Austin also favors the apartment-style living that Ross offers, which lends the hall a more relaxed atmosphere accompanied by a larger sense of independence.
“Ross is much larger and has an open apartment feel to it rather than the claustrophobic feel of my first-year hall,” Austin said. “Ross also is very laid-back and quiet.”
Brenna Paukert, a junior Broadcast News major, also enjoys the increased freedom Drake West Village allows in terms of decoration and living space, but qualifies that there are still restrictions in terms of what students are allowed to do to their rooms.
“We get furniture like in the residence halls, and we still can’t hang things by nails on the walls,” Paukert said. “But there is more personal space and more overall shared space to decorate.”
In order to make the apartment feel comfortable, Paukert relies on making her own decorations that reflect her personality and can be reused year to year.
“It’s cheaper to make your own decorations and it’s more fun that way too,” Paukert said. “I still use a lot of the same decorations that I used my two years in the dorms.”
Although West Village allows students more space to express themselves, junior Radio and Television Production major Lauren Baker, who lives in a house off-campus, is able to assert the most ownership over her space.
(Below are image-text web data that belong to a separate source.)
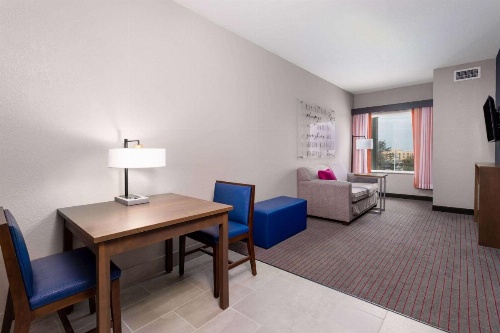 La Quinta Inn & Suites by Wyndham Augusta/Fort Eisenhower image 36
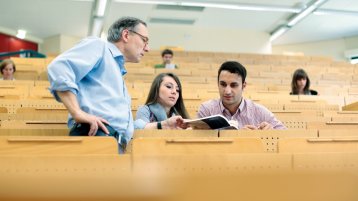 Studierende und Professor in einem Hörsaal der TH Köln (Image: TH Köln) Studierende und Professor in einem Hörsaal der TH Köln (Image: TH Köln)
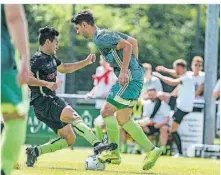  ?? FOTO: ARNULF STOFFEL ?? Der HSV – hier Lukas Gutenberge­r (links) – führte bereits zur Pause mit 2:0.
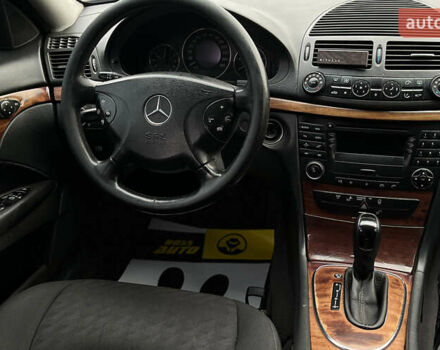Черный Мерседес Е-Класс, объемом двигателя 2.15 л и пробегом 372 тыс. км за 5900 $, фото 9 на Automoto.ua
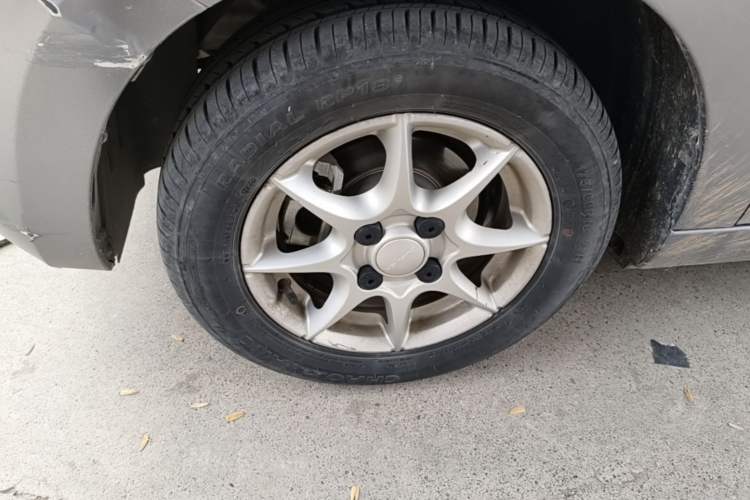 Used Roewe Clever 2022 311km QiQi BoBo Edition Left Front Wheel Hub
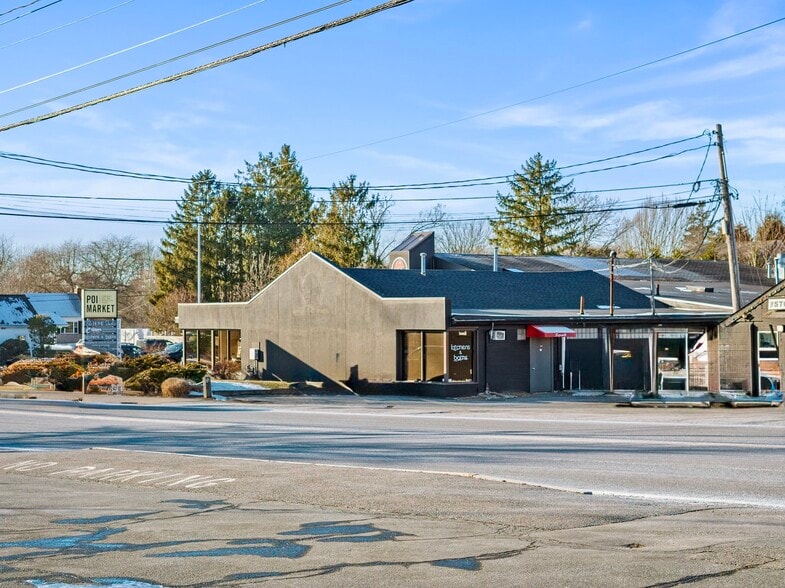 More Photos Of 33 County Rd, Mattapoisett Freestanding For Sale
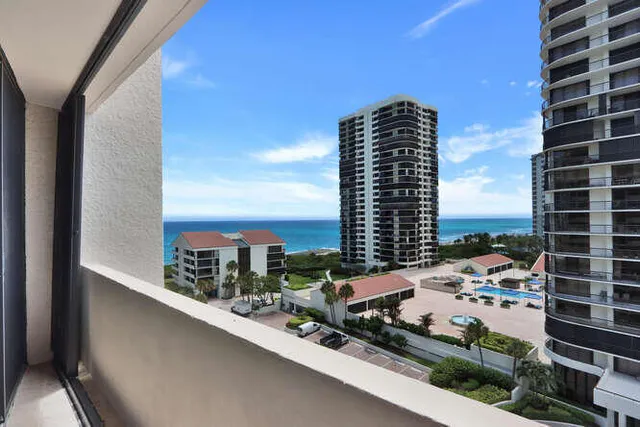 $4,900 | 4200 North Ocean Drive, Unit 2903, Singer Island, FL 33404
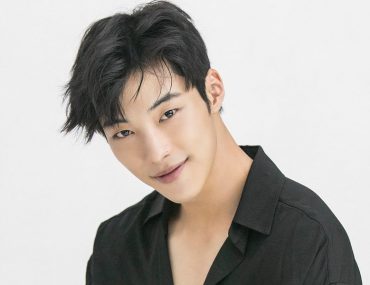 Who is actor Woo Do-Hwan? His Wiki: Net Worth, Family, Facts, Career, Affair, Parents, Girlfriend, Married, Dating, Weight, Siblings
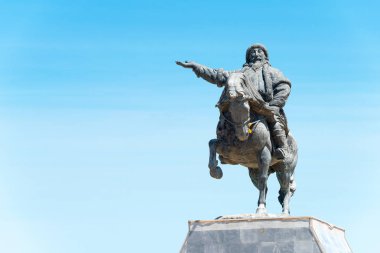 İç Moğolistan, Çin - 10 Ağustos 2015: Kubilay Han heykel Kubilay Meydanı'Zhenglan Banner, Xilin Gol, Inner Mongolia, China.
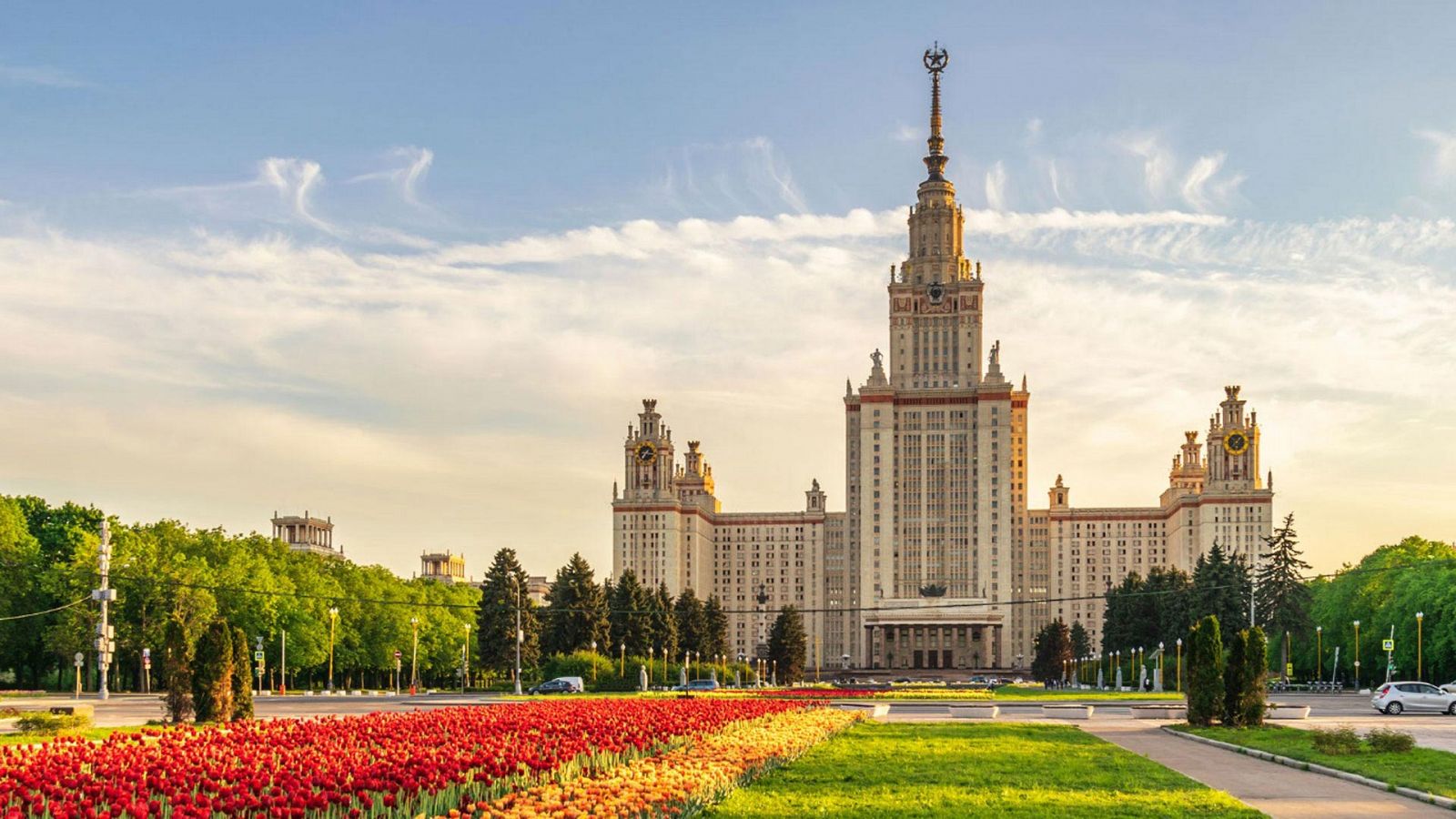Otros documentales - Un palacio para el pueblo: La Universidad estatal de Moscú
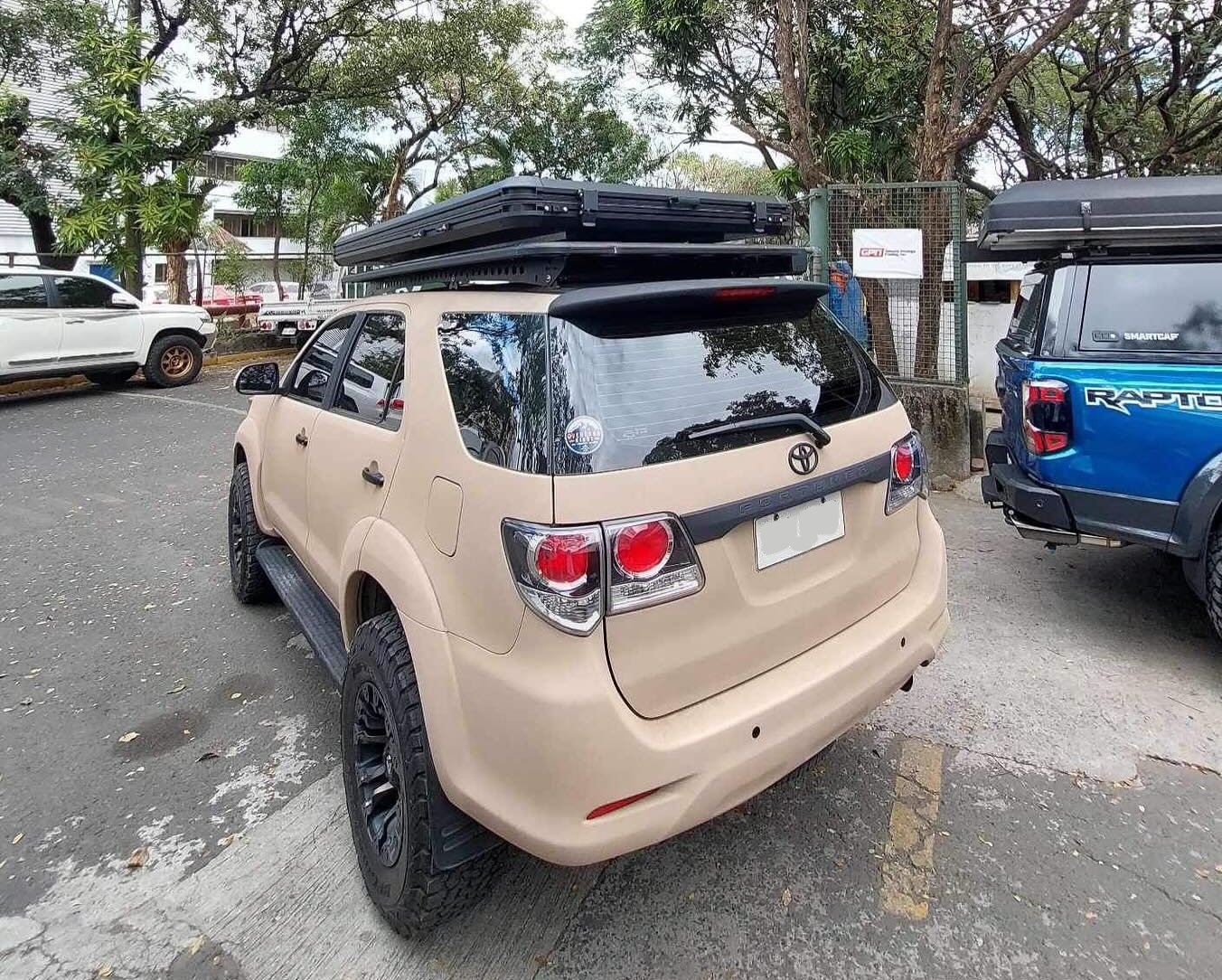 Mammoth Slimshell Rooftop tent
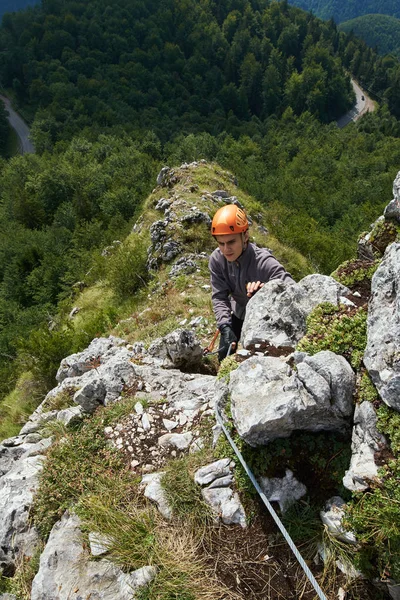 Genç çocuk yolu üzerinde tırmanma 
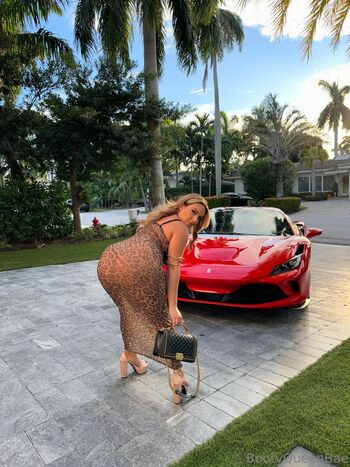 bootyqueenbae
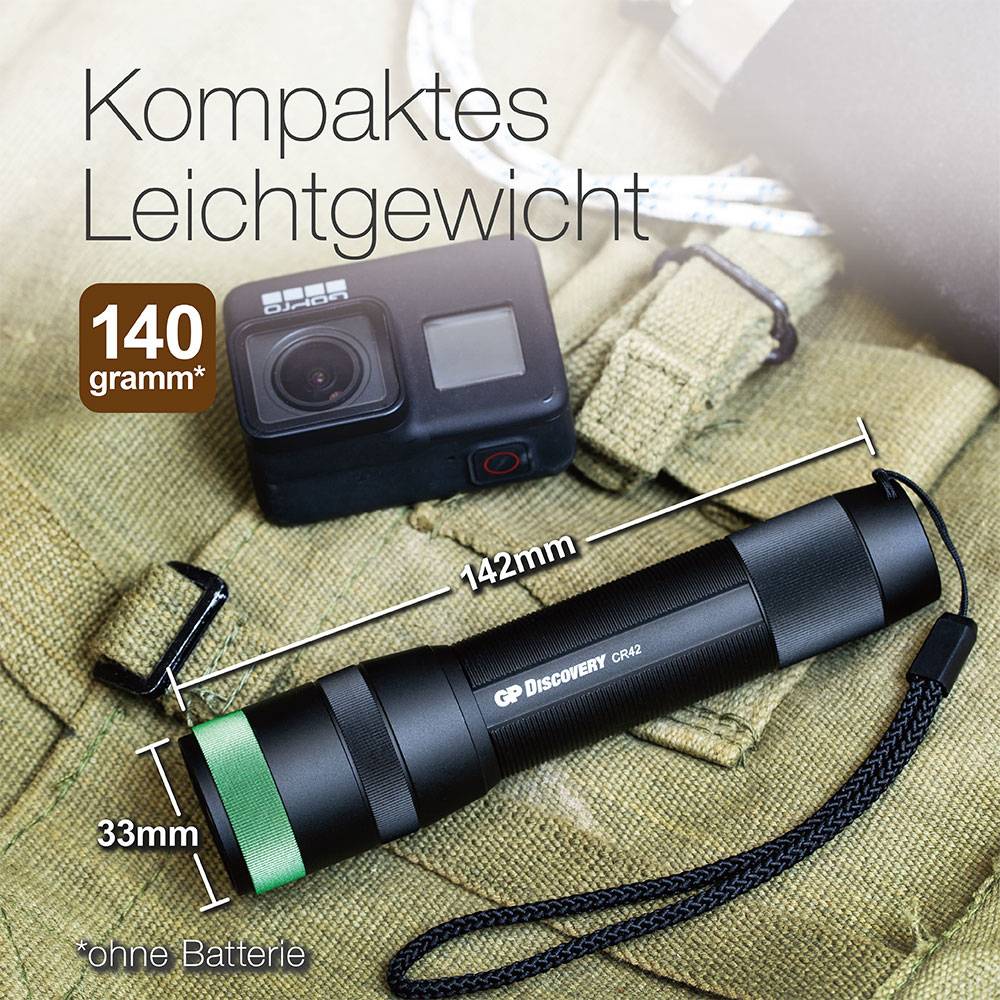 'Taschenlampe auf Rucksack mit Kamera. Text: Kompaktes Leichtgewicht, 140 Gramm, 142mm x 33mm, ohne Batterie.'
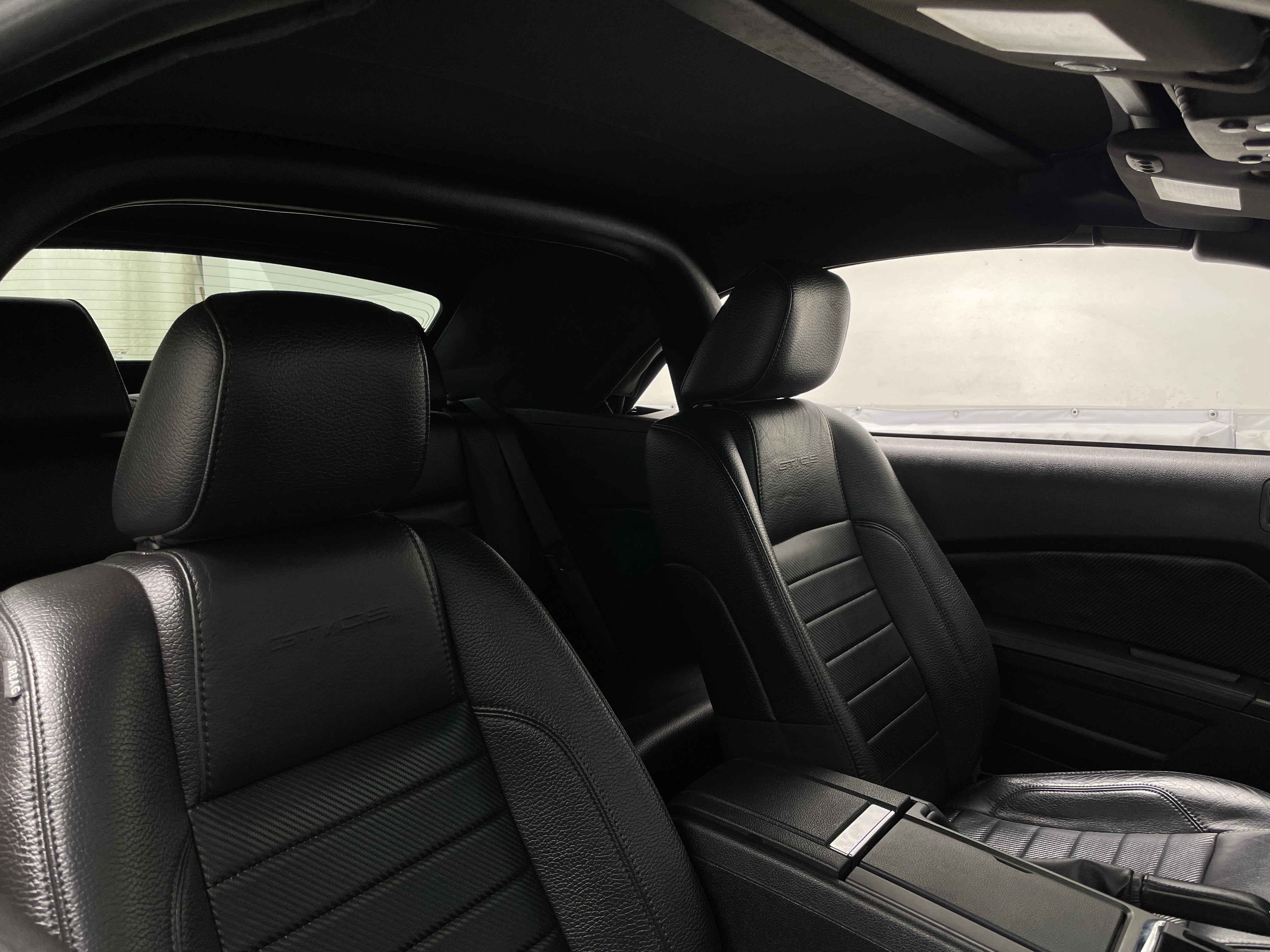 2012 Ford Mustang GT Premium - Photo 9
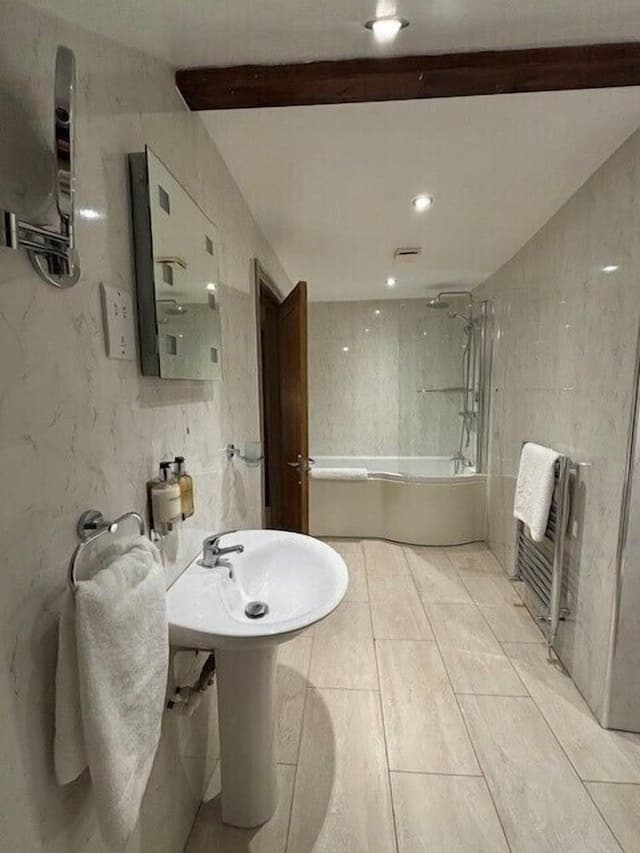 Standard Double Room, Ensuite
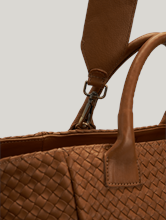 Bild von Geflochtene Handtasche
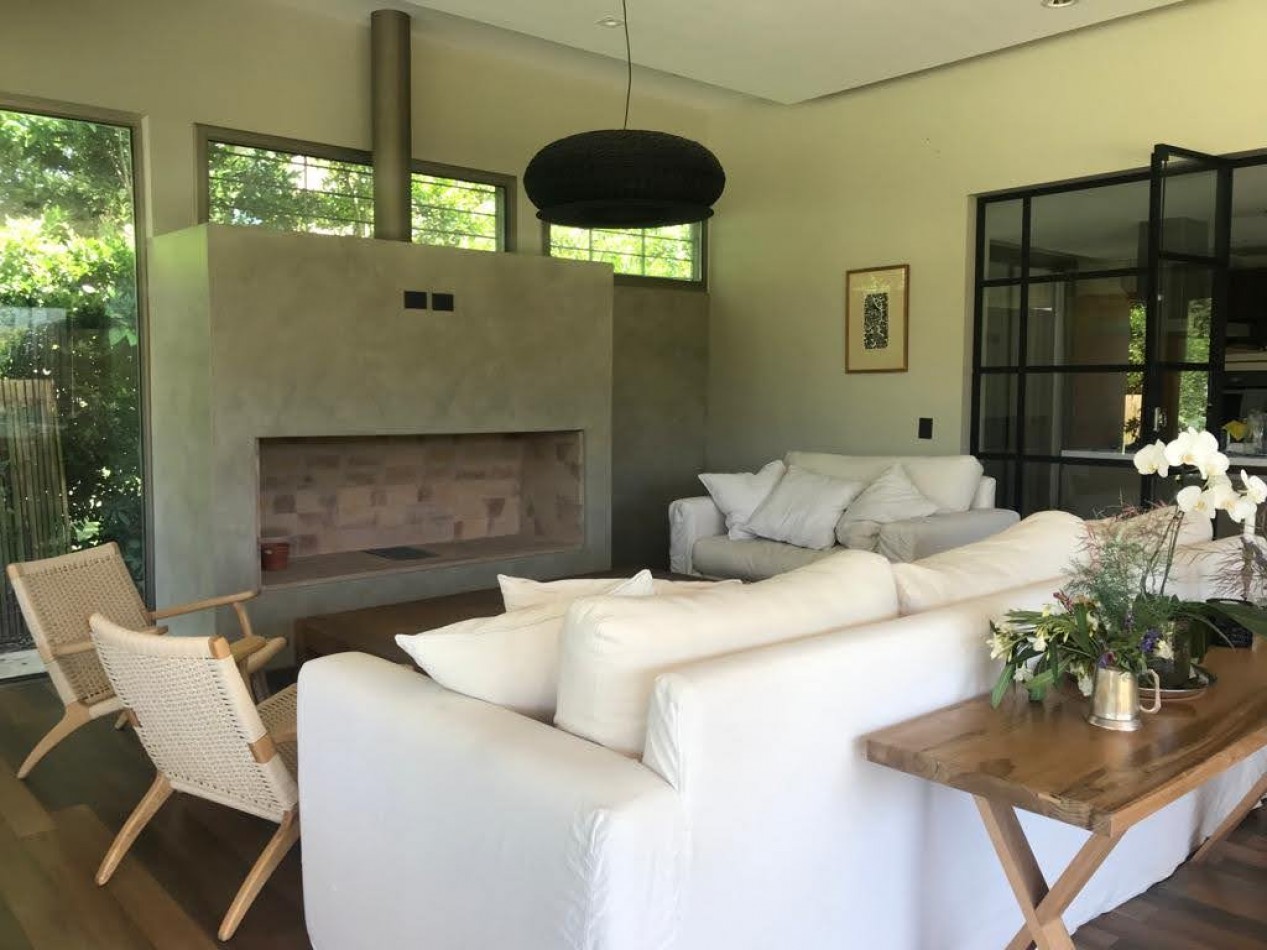 VENTA IMPORTANTE  CASA 4 DORMITORIOS EN ALDEA FISHERTON 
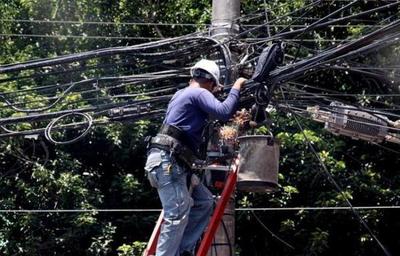 Gobierno dará becas a electricistas para formación en líneas de 23.000 voltios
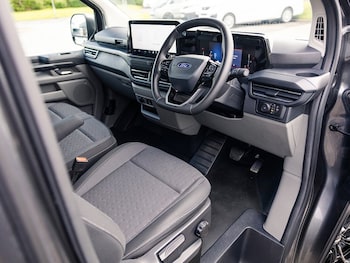 Used Ford Transit Custom 2024 for sale - 79435794: Photo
“I feel like there is a lot of more freedom to decorate in a house,” Baker said. “I can decorate it as I like and all the furniture is ours. (The house) isn’t regulated by the university.”
Even off-campus, Baker doesn’t feel that she is separated from the Drake community.
“I still feel like I’m part of campus when I live in a house,” Baker said. “I am actually closer to my classes now than I was when I lived in GK last year.”
However, living in a house doesn’t prevent Baker from experiencing the communal living style of student life
“I am still living with several girls, so you have to cooperate and figure out how to get along just like you do in a residence hall floor.”